Average Asking Rental Rates have increased in all classes in both downtown and suburban submarkets, although only nominally. Class A increased $0.16 psf to $24.63; Class B increased $0.09 psf to $18.63; Class C increased $0.37 psf to $13.93. We believe that the existence of an overall increase reflects landlord optimism for the market but the size of the increase suggests continued caution. Class C average asking rental rates have increased nearly 3% across the market and 17% downtown. This is a function of two buildings that were previously on the market but with “negotiable” prices that are now priced at nearly $16.00 per sq. ft.
The overall Omaha office vacancy rate increased from 13.9% to 14.3% from one year ago but the real story is that the rate for Class A properties was down dramatically, from 9.2% to 4.7%. Meanwhile, both Class B increased from 13.2% to 15.5% and Class C increased from 22.9% to 25.8%. As we have reported, Class A has benefited over the last few years from the flight to quality and while owners of Class A office space are some of the most confident landlords in Omaha, such a low vacancy rate isn’t healthy for the market. If one seeks 10,000 sq. ft. of Class A office space in Omaha today, the choices are limited to less than 10 buildings. If the size requirement goes up to 20,000 sq. ft., the number of existing buildings drops to about four. Average asking rental rates for Class A space should increase notably this year and new construction will likely follow.

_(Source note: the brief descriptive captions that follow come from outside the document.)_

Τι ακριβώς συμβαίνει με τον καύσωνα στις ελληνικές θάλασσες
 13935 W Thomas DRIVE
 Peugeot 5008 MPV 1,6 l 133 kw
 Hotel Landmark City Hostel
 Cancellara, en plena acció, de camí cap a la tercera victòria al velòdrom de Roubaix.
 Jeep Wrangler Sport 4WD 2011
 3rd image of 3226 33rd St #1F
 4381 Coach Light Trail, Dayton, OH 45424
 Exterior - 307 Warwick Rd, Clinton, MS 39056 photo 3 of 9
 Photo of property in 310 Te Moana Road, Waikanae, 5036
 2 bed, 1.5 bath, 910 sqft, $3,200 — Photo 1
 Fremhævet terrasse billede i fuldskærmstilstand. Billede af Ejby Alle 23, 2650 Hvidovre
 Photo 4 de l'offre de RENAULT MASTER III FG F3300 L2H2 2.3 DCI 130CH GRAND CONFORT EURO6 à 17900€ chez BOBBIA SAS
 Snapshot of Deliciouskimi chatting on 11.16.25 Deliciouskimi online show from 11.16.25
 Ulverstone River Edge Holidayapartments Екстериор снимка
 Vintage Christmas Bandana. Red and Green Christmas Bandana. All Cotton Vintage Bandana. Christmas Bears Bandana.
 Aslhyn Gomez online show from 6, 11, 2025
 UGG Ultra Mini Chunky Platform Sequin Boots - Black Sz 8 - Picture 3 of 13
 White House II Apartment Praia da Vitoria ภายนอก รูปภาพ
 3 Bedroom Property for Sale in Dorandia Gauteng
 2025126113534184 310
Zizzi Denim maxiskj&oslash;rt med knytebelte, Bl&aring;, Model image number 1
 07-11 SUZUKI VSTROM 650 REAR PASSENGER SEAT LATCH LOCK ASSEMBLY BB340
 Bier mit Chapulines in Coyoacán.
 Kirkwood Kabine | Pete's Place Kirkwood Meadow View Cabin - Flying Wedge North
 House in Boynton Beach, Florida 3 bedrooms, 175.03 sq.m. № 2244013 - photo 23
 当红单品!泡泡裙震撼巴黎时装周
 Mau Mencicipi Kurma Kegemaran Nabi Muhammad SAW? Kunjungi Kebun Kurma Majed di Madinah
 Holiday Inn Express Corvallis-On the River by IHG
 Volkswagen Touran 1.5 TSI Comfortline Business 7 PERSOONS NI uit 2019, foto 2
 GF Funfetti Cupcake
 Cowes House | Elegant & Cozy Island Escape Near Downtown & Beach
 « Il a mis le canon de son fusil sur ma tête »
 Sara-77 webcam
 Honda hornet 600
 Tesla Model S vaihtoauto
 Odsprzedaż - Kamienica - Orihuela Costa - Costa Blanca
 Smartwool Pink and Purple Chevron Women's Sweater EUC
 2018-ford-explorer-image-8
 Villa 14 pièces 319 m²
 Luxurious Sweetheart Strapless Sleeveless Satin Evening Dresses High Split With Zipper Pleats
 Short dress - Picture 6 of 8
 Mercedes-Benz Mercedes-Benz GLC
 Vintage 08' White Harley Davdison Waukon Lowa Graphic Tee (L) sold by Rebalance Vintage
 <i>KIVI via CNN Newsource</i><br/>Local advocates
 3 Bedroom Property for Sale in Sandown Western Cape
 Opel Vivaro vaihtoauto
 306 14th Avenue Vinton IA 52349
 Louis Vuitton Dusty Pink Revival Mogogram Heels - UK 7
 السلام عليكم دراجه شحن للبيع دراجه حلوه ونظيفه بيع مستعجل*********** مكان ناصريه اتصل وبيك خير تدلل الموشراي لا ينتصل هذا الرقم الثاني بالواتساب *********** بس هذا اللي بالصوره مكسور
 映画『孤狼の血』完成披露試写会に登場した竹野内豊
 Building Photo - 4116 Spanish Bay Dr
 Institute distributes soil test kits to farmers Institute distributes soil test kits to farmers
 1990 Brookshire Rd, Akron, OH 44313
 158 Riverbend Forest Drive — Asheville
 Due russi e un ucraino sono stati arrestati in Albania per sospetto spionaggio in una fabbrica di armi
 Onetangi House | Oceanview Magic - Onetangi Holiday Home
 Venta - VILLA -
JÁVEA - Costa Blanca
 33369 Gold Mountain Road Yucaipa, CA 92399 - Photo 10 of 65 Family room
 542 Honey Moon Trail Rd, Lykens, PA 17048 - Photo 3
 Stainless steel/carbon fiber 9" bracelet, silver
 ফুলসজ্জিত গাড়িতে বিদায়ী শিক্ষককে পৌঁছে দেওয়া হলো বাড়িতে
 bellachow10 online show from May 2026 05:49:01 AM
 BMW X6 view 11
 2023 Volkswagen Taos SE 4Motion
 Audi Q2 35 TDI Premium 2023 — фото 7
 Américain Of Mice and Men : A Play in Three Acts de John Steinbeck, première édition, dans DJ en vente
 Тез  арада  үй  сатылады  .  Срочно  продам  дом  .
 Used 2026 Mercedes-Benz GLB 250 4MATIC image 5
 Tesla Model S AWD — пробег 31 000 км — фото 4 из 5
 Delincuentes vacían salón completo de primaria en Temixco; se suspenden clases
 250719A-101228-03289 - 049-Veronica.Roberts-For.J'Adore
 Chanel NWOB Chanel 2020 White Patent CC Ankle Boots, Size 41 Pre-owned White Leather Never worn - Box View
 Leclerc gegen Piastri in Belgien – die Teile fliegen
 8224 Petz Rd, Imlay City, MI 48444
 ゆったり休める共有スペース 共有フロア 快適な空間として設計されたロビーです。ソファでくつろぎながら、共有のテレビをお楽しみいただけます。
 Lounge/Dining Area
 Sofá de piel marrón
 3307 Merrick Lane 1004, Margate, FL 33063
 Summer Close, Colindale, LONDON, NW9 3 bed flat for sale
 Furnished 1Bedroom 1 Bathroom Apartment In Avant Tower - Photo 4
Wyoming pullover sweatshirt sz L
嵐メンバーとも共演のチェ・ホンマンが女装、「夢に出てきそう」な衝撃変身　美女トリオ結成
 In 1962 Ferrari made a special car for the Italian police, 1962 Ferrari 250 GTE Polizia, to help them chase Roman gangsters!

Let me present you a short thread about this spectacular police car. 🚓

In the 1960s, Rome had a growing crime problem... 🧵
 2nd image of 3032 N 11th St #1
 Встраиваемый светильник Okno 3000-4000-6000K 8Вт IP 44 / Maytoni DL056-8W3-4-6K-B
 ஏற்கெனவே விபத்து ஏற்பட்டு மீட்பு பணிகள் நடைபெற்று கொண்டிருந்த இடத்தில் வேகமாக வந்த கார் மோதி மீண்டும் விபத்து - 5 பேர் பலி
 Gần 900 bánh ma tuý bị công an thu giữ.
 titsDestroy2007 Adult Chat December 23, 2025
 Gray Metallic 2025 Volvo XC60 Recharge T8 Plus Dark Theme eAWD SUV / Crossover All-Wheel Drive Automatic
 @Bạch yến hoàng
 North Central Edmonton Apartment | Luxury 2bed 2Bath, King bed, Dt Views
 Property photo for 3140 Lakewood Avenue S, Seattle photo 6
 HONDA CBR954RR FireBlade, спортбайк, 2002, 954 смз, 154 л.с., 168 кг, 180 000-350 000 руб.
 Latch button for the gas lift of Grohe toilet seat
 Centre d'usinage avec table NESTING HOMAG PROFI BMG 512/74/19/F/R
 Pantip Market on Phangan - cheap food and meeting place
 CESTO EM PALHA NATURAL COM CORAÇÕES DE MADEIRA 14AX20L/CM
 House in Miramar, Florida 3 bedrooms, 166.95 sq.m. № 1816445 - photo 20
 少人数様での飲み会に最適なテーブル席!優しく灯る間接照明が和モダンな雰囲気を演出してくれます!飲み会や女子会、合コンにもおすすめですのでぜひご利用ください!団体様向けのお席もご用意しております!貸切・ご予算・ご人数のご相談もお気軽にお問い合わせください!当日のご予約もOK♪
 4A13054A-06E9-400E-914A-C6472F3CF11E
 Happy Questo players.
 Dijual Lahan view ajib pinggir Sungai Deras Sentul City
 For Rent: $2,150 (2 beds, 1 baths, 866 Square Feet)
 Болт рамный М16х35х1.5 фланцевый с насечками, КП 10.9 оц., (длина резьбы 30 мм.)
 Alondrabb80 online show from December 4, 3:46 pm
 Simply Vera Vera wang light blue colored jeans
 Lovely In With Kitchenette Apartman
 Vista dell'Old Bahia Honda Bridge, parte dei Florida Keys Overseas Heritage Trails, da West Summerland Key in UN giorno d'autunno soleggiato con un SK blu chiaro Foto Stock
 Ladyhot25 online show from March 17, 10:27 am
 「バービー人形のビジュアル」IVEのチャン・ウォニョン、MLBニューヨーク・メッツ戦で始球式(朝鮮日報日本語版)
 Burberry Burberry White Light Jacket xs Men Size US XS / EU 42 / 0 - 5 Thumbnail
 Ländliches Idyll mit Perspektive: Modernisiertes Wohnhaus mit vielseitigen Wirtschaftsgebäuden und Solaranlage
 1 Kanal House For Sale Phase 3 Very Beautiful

Construction has remained fairly quiet. The only speculative construction is at Sterling Ridge at 132nd and Pacific Street where Lockwood Development has started construction on a 60,000 sq. ft. building and Millard Refrigerated just completed construction of their new 65,000 sq. ft. corporate headquarters. Gavilon, Gordman’s, and Tenaska are all underway with their new owner occupied corporate headquarter buildings. Both Deeb Realty and Prudential Ambassador Real Estate have their sites set on starting construction on new buildings for their own businesses along the West Dodge corridor, although plans are not yet firm. Bank of the West is out of space in their building at 136th and W. Dodge and will be expanding the building to accommodate.